What's the moral of the story? Beware of Methodologies. They are a great way to bring everyone up to a dismal, but passable, level of performance, but at the same time, [Methodologies] are aggravating to more talented people who chafe at the restrictions that are placed on them. It's pretty obvious to me that a talented chef is not going to be happy making burgers at McDonald's, precisely because of McDonald's rules. So why do IT consultants brag so much about their methodologies?

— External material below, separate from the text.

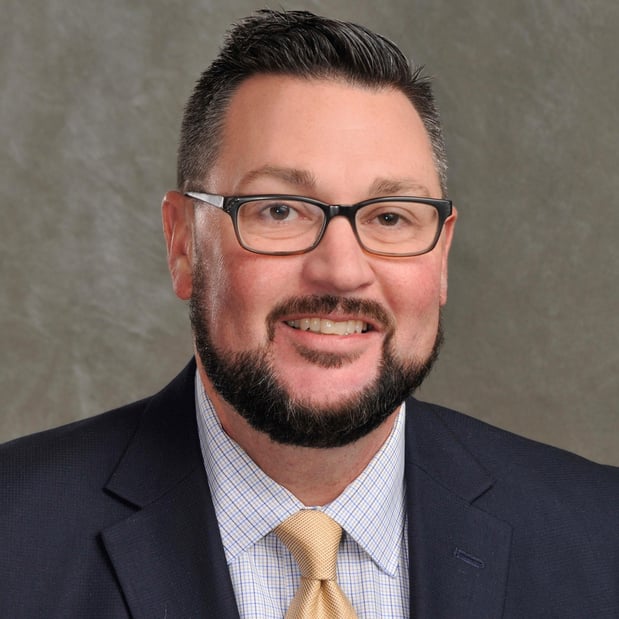 Images Edward Jones - Financial Advisor: Michael A Hughes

Joel's entry, written in January 2001, is essentially championing the same Dreyfus Model of Skill Acquisition that the Pragmatic Progammers began advocating in 2002 with Herding Racehorses and Racing Sheep. Andy briefly covered this in the presentation he gave to our group, but the full slide deck (ppt) goes into much more detail:
Level 1: Beginner
- Little or no previous experience
- Doesn't want to learn: wants to accomplish a goal
- No discretionary judgement
- Rigid adherence to rules
Level 2: Advanced Beginner
- Starts trying tasks on their own
- Has difficulty troubleshooting
- Wants information fast
- Can place some advice in context required
- Uses guidelines, but without holisitic understanding
Level 3: Competent
- Develops conceptual models
- Troubleshoots on their own
- Seeks out expert advice
- Sees actions at least partially in terms of long-term plans and goals
Level 4: Proficient
- Guided by maxims applied to the current situation
- Sees situations holistically
- Will self-correct based on previous performance
- Learns from the experience of others
- Frustrated by oversimplified information
Level 5: Expert
- No longer relies on rules, guidelines, or maxims
- Works primarily from intuition
- Analytic approaches only used in novel situations or when problems occur
- When forced to follow set rules, performance is degraded
As Joel points out, the value of big-Em methodology decreases very sharply as you climb the skill ladder. He's also saying that the resulting value of hundreds of level 1 and 2 coders banging out millions of lines of code is surprisingly low, but that's a topic for another blog entry.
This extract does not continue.